If severe, the first step is education and medication. For example, when someone can barely get out of bed, they will be unable to exercise. If someone cannot concentrate, they will be unable to participate in prayer or counseling. Practical treatments include things like rest (as Denis wrote, and as the Sabbath command advises), reducing stress, regular exercise (even a brisk walk around the block helps), good nutrition (food and mood are related), vitamin D (especially in the winter in northern climates), and keeping a regular schedule (e.g., going to bed at the same time each night). At the psychological level, counseling can help people determine if they have unresolved past issues (e.g., childhood abuse, repressed grief), as well as educating them about the relationship between thinking and mood, and adjusting thoughts as needed (this is known as cognitive behavioral therapy and helps patients to get proper perspective on life events). Finally, in terms of pharmaceuticals, there are many medications that increase serotonin and/or norepinephrine and/dopamine levels in the brain, thereby alleviating the symptoms of depression. Response can vary and some people need more than one medication. The typical treatment period is six to twelve months but some people need to be on medication long term. If the other factors (practical and psychological) are dealt with, patients can often come off their medication.

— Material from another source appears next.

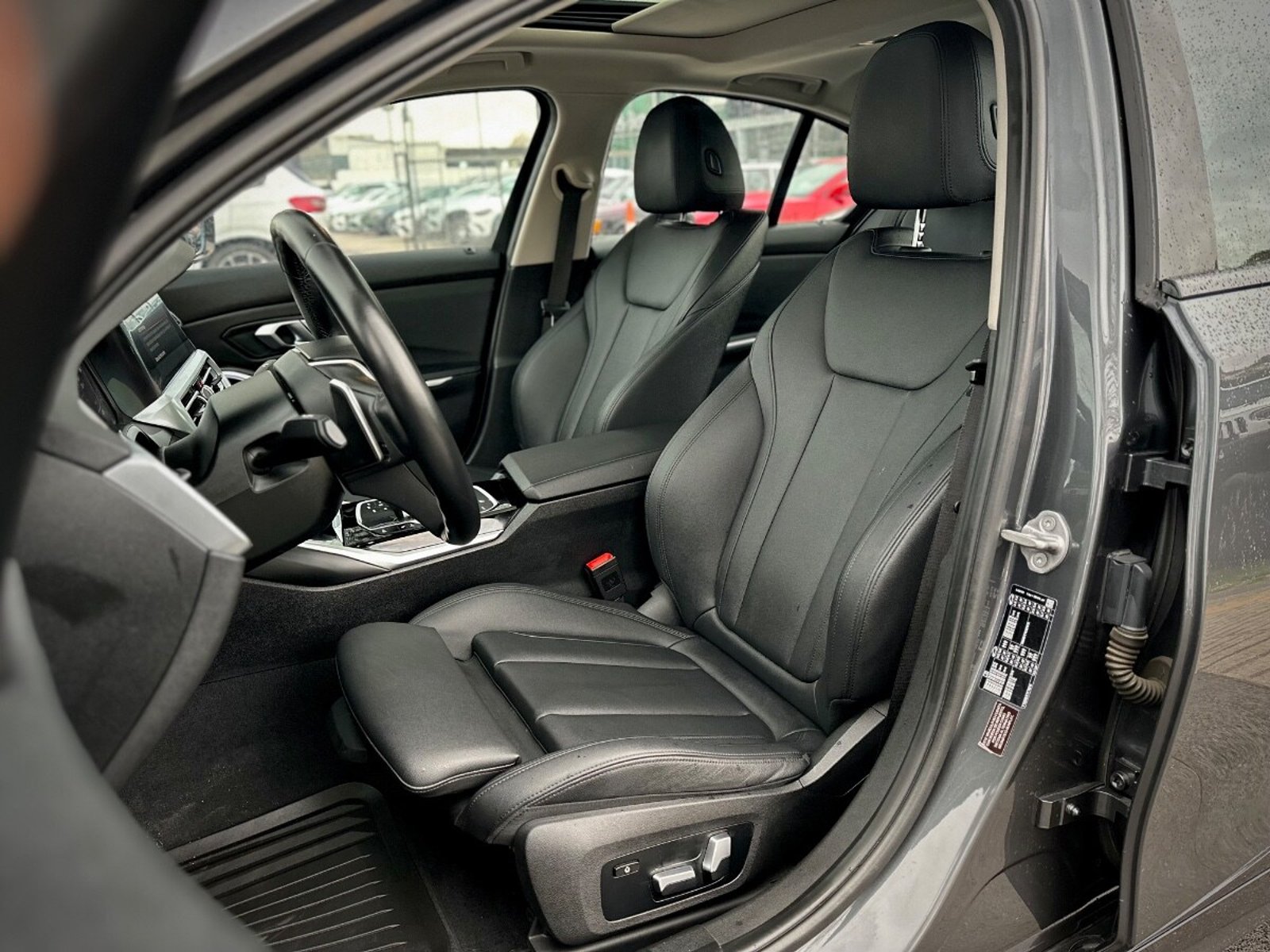 BMW 320D EXECUTIVE 2021 - Imagen 10 de 10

For the Christian, there is the added benefit of prayer. The Christian counselor can help determine if there is a need for repentance, as well as encourage patients to realize their value in God’s eyes. Although the Bible does not directly address depression, it contains much wisdom. We can be assured that God comforts us in our suffering (Ps 23; Isa 49:13, 51:3, 12; John 14:1; 2 Cor 1:3-5), and offers us peace (John 16:33) and rest (Matt 11:29, 30); we can take every thought captive (2 Cor 10:5), we can be angry but should not sin (Eph 4:26); we can know that others have suffered, including Christ (consider his agony in the Garden of Gethsemane, not to mention on the cross) and that suffering produces perseverance (Rom 5:3); we can give our anxiety to God (Phil 4:6; 1 Pet 5:7); and we can look to the day where there will be no more tears (Rev 21:4). Prayer counseling can help people know the comfort of the Father, the suffering and sacrifice of the Son, and the inspiration of the Holy Spirit. It is also important to recognize that although evil spirits are seldom the direct cause of depression, there is a good chance that they will seek to worsen it, by parasitically jumping on the bandwagon of negative thoughts, guilt and poor self-esteem. An experienced Christian counselor can discern the presence of evil spirits, deal with them through their authority in Christ, and teach the sufferer to listen to the truth of God, rather than the lies of the enemy.
I have tried to offer a simplified understanding and treatment approach for a complex condition! Obviously each aspect I have mentioned can be elaborated on at length; the important thing to remember is that there are many aspects to depression, and the more we are aware of these, the better we can minister to those who suffer.